Advanta Bank Corporation v. Omne Pacific Ltd.

A-5400-02T3 (N.J. Super. App. Div. 2004) (Unpublished)

LEASES; DAMAGES—An equipment leasing company has an obligation to mitigate its damages when the lessee defaults and the resulting damages may be measured by taking into account the price at which a third party vendor has agreed to repurchase the leased equipment upon such a default.

A gas station operating under a corporate structure leased an ATM. Under the agreement, the gas station was to pay $269 per month, while the company marketing the ATM was to pay the gas station $264 per month derived from advertising fees. Therefore, the gas station’s net outlay each month for the machine was to be only five dollars. The marketing company also had an agreement with a financing company to provide lease financing for the marketing company’s customers. Under this arrangement, the financing company bought the ATM from the marketing company and then leased it to a customer (in this case, the gas station). The agreement between the financing and marketing companies also provided that if the gas station defaulted on the lease, the marketing company would repurchase the ATM from the financing company at a certain price based upon the length of time the machine had been in the customer’s possession.

After the gas station had the ATM for approximately twelve months, the marketing company stopped making payments to the gas station. Therefore, the gas station stopped paying its lease because it could not afford to make the lease payments without the marketing company’s payments. This resulted in the leasing company bringing suit against the gas station to recover the balance due under the lease.

After a bench trial, the lower court found the gas station liable under the lease, but it also found that the leasing company had not complied with its duty to mitigate. According to the lower court, the leasing company essentially had a duty to repurchase the ATM from the gas station, knowing the gas station could not make payments without first receiving payments from the marketing company.
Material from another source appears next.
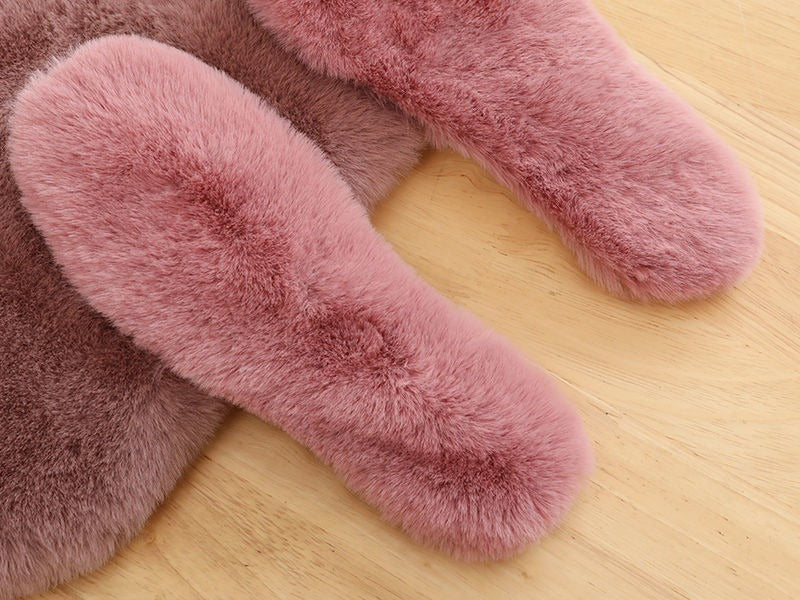 Plush faux fur winter insoles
In addition, no effort was made to find someone else to take the machine. When the gas station notified the leasing company and said “take the machine, I can’t pay you,” the company should have acted immediately to mitigate its damages and to reclaim the machine.

The Appellate Division affirmed the lower court’s holding that the leasing company had a duty to mitigate. It also upheld the way the lower court determined how much the gas station owed. The lower court looked at the repurchase agreement between the leasing and marketing companies, which set forth what the marketing company would have had to pay if there was a default. That agreement provided that if the gas station defaulted during the second year of the lease, the marketing company would repurchase the equipment for ninety percent of its original cost. Under this analysis, each court ruled that the gas station was liable for only ten percent of the value of the machine.